Let the rebanding begin
In an almost anticlimactic announcement, Nextel Communications last month said it would accept the terms of the FCC’s 800 MHz order, in which Nextel will pay all rebanding costs in return for contiguous spectrum in the 800 MHz and 1.9 GHz bands.
Under the FCC order, Nextel must contribute at least $4.8 billion in spectrum and cash to pay for rebanding, which is designed to mitigate interference to public-safety communications in the 800 MHz band. In addition, public safety will receive additional spectrum in the deal. However, Nextel’s acceptance of the order was a prerequisite to rebanding, and the FCC had established a deadline of Feb. 7 for the wireless carrier to announce its decision.
“So on behalf of Nextel, it’s my privilege and honor to answer, ‘Yes,’” said Nextel CEO Tim Donahue during a press conference announcing the decision. “Nextel accepts the responsibilities, obligations, license modifications and conditions specified in the FCC’s Report and Order to eliminate 800 megahertz CMRS-public-safety interference.

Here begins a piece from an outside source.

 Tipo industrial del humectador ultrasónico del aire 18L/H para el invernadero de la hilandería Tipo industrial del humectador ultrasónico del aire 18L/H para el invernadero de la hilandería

The FCC’s decision is simply the right thing to do for first responders … and our nation’s homeland security, and for Nextel.”
FCC Chairman Michael Powell, who also attended the press conference, recalled the difficulties associated with the three-year proceeding but said the favorable result for first responders was well worth the effort.
“It is one of the most significant things I have ever had the privilege to be involved in and one in which I am enormously proud,” Powell said. “I will tell you, I’m going to leave the commission in a month, and I would never have left if this was undone. … We weren’t going anywhere until it was finished.”
But Powell noted that the job is not complete, that all involved have only “earned the right to do the hard part” — the three-year rebanding process that the Transition Administrator will oversee (see First Responder Communications, March 2005).
Under the revised order, Nextel is required to pay $2.8 billion in cash. The first priority for that money is to pay for rebanding, but any leftover funds are earmarked for the U.S. Treasury. Nextel Senior Vice President and Chief Regulatory Officer Robert Foosaner predicted that the U.S. Treasury would be receiving a payment.
Foosaner also said he believes rebanding will solve the interference problem, bluntly answering a reporter’s question regarding what will happen if there is any interference to public-safety communications after rebanding is completed.
“I think the commission has demonstrated they’ll have our head,” Foosaner said. “The commission sent a very loud message here. They’re not going to tolerate interference to public safety.”
Although Nextel waited until the last possible day to make the announcement, the decision was hardly a surprise. At the Association of Public-Safety Communications Officials Winter Summit the previous week, it was revealed that the wireless carrier already had negotiated rebanding agreements with some 800 MHz users. In addition, Nextel faced substantial political and public-relations backlash — not to mention more stringent interference rules — if it declined to reband, especially after the FCC granted many of concessions Nextel sought in a revised order.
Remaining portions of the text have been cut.